ヘッドライン| Mar 19, 2020:

FORUMスタッフ

2020年3月、米国司法省(DOJ)は北朝鮮のハッカーが窃盗した100億円(1億米ドル)超の仮想通貨のマネーロンダリング(資金洗浄)に関与した容疑で2人の中国人を起訴した。

ワシントンDCの米国地方検事局を通して提出された今回の起訴により、秘密主義の北朝鮮政権がコンピュータハッカーを利用して国際制裁を回避した仕組み、および中華人民共和国(中国)の協力者が法の目を抜けてこうした違法収益を保管した仕組みが改めて明らかになった。

米国のティモシー・J・シア(Timothy J. Shea)弁護士はニュースリリースで、「北朝鮮の組織に利益をもたらすことを目的とした仮想通貨交換所のハッキングとこれに関連するマネーロンダリングは、世界の金融システムの安保と規範にとって重大な脅威となる」とし、「今回の起訴は、国内か国外かに関わらず、また事件が仮想通貨の形態で発生したものであっても、法執行機関が必ずその提携・協力体制を通じて違法行為を検知し、その行為に加担した者を告発し、そして違法資金を押収するということを戒める事例である」と話している。

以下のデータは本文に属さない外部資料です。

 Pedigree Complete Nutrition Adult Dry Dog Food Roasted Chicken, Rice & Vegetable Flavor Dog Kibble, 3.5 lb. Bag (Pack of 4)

マネーロンダリングの陰謀と無登録での資金移動の容疑で起訴されたのは李家东(Li Jiadong)と田寅寅(Tian Yinyin)の2人である。米国司法省刑事局のブライアン・A・ベンチョースキー(Brian A. Benczkowski)司法次官補はニュースリリースで、「被告等は北朝鮮に拠点を置く組織の利益のために、100億円(1億米ドル)以上の盗難仮想通貨をマネーロンダリングして取引を隠蔽した容疑で起訴された」と説明し、「今回の告発は、犯罪者がどこにいようとも、仮想通貨によりもたらされる匿名性のベールを剥ぎ取り、説明責任を追及するという米国司法省の意欲を如実に示す事例である」と述べている。

裁判所には、2018年に北朝鮮が仮想通貨交換所をハッキングし、ほぼ250億円(2億5,000万米ドル)に上る仮想通貨を窃盗した容疑が記録されている。ロイター通信が報じたところでは、今回起訴された中国人被告等は法執行機関による盗難資金の追跡をかわすため、自動システムによって数百もの仮想通貨取引所を経由させてマネーロンダリングを行った容疑がかけられている。

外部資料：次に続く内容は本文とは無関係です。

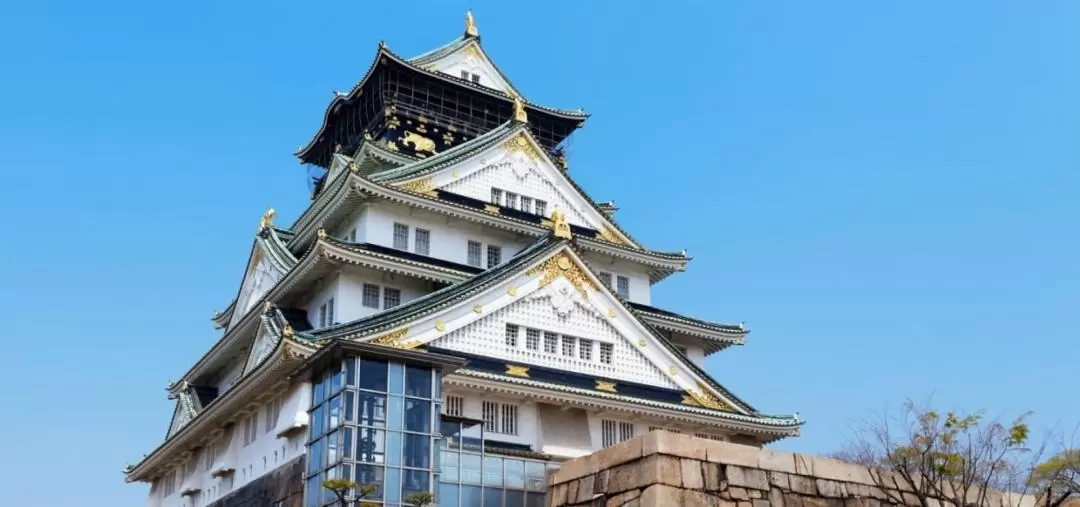 大阪一日導覽之旅（神户港出發）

マネーロンダリングされた資金の一部は、金融業界に対する今後のハッキング活動を推進することを目的として、北朝鮮の技術インフラ構築のために使用されている。弾道ミサイル・核兵器計画を理由に課された国際制裁を回避することを企てる北朝鮮にとって、仮想通貨業界は格好の標的である。

米国内国歳入庁(IRS)査察局のドン・フォート(Don Fort)局長は、「世界の仮想通貨エコシステムが拡大する中、北朝鮮は米国と国連安全保障理事会が課した制裁を回避する手段として、継続的に仮想通貨業界を攻撃している」とし、「当機関は今後も複雑なサイバー調査の最前線に立ち、法執行機関の提携機関と協力しながら、こうした悪質な犯罪者を阻止し、米国金融システムの規範を維持することに全力を尽くす」と語っている。

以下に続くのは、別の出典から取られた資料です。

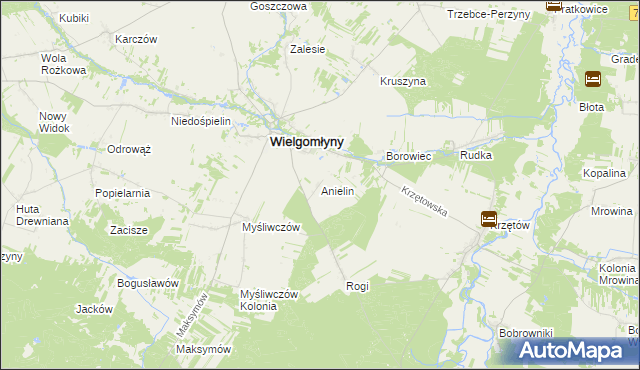 mapa Anielin gmina Wielgomłyny, Anielin gmina Wielgomłyny na mapie Targeo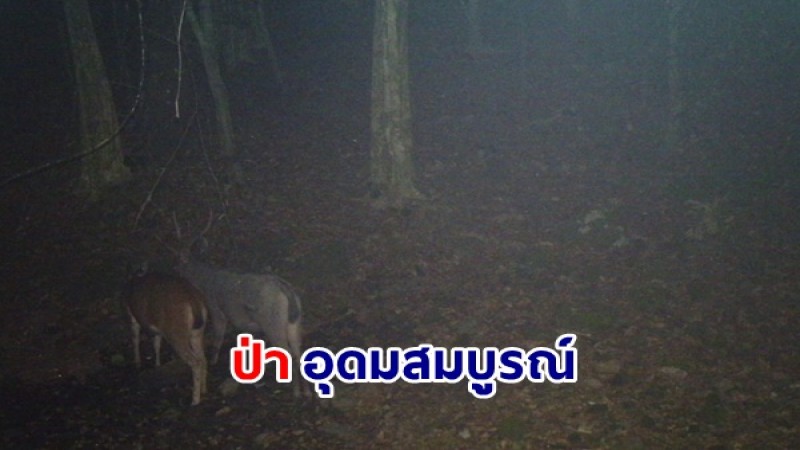เปิดภาพความน่ารักของสัตว์ป่า ณ อุทยานแห่งชาติแก่งกรุง จังหวัดสุราษฎร์ธานี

中国内の関係者が北朝鮮によるサイバー犯罪の隠蔽を支援する中、米国とその提携国はサイバー犯罪防止に向けてサイバー対策を強化するため、引き続き地域諸国に手を差し伸べている。2019年6月下旬に米国国防総省(DOD)、米国司法省、連邦捜査局(FBI)、および米国財務省(USDT)を代表する米国省庁間組織がパラオで実施されたプログラムを完了した。これは、太平洋島嶼国の法執行機関と規制機関による金融犯罪の調査・訴追を支援するように構成されたものである。プログラムではマネーロンダリング、サイバー犯罪、仮想通貨、人身売買、汚職、外国からの悪影響などの課題に焦点が当てられた。